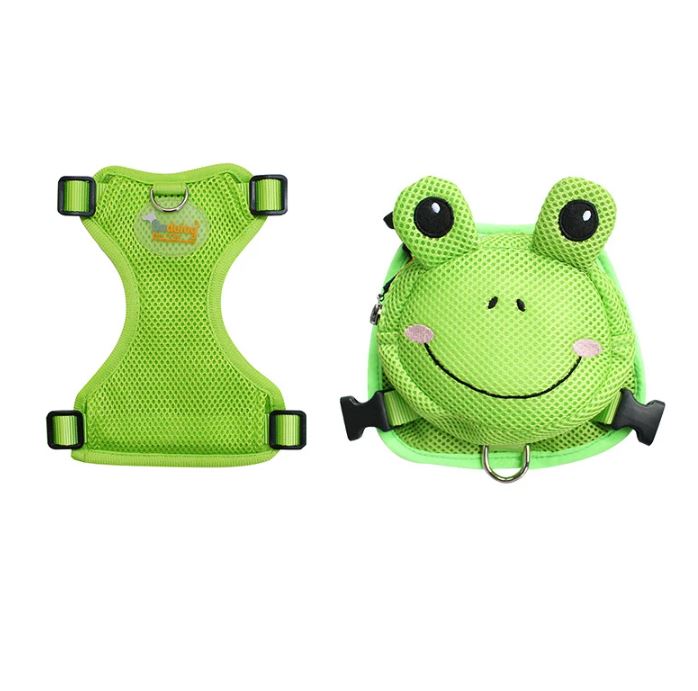 French Bulldog green Frog Backpack Harness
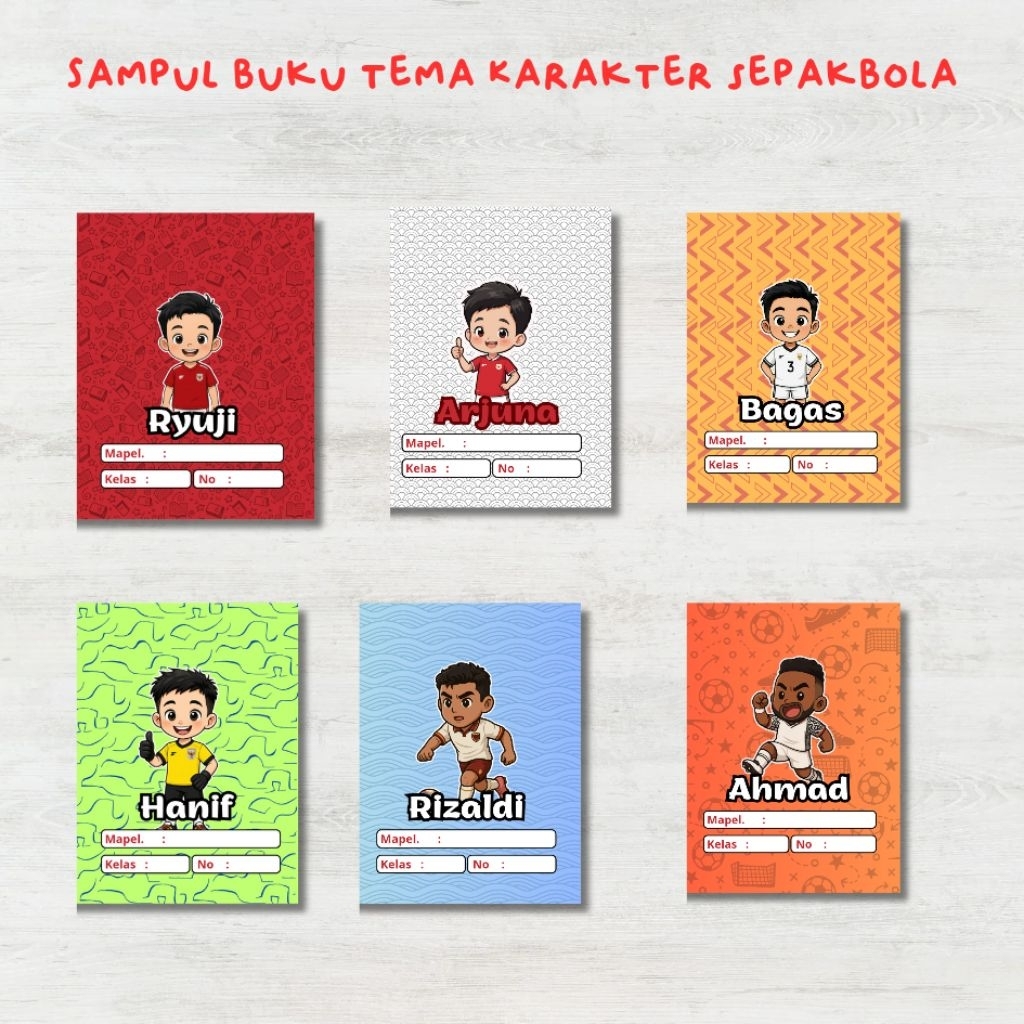 

Sampul Buku Anak Tema Sepakbola | Custom Nama | Dapat 5 Pcs | Ukuran A5 | Artpaper Premium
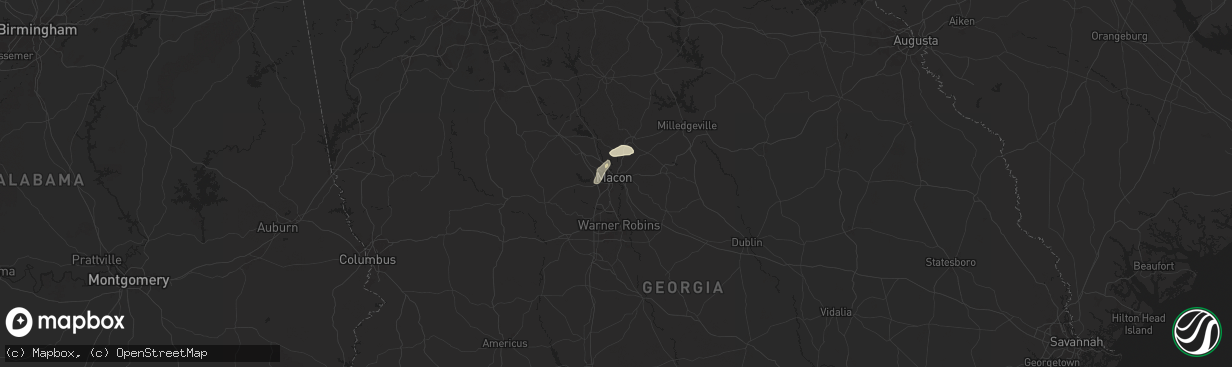 Hail map in Macon, GA on July 17, 2024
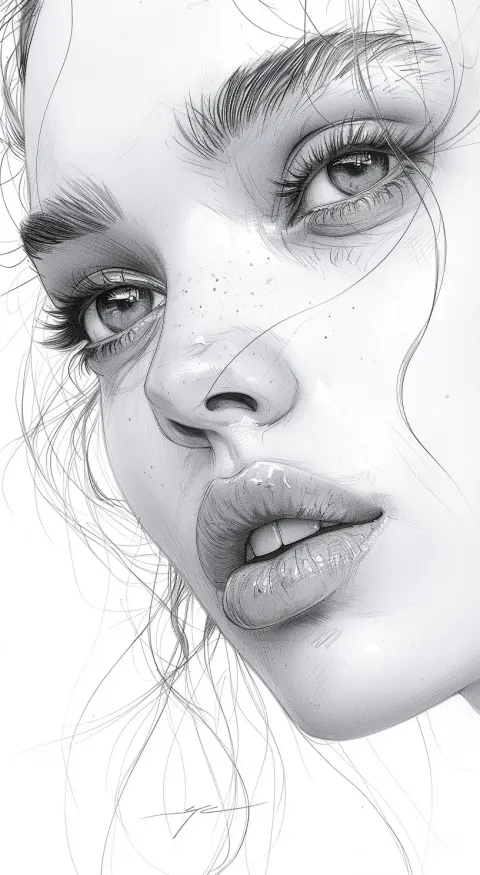 Woman Face Expressive Sketch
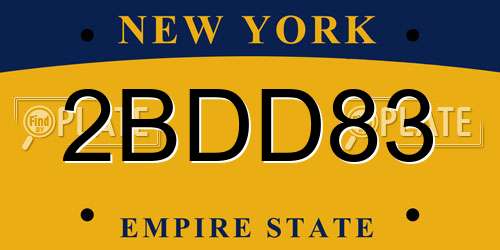 2BDD83 New York License Plate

++++++

**WHAT IS REQUIRED**
Set down, word for word, the full listing above, and carry over no pictures.

**RESULT FOR THIS EXERCISE**
 French Bulldog green Frog Backpack Harness

Sampul Buku Anak Tema Sepakbola | Custom Nama | Dapat 5 Pcs | Ukuran A5 | Artpaper Premium
 Hail map in Macon, GA on July 17, 2024
 Woman Face Expressive Sketch
 2BDD83 New York License Plate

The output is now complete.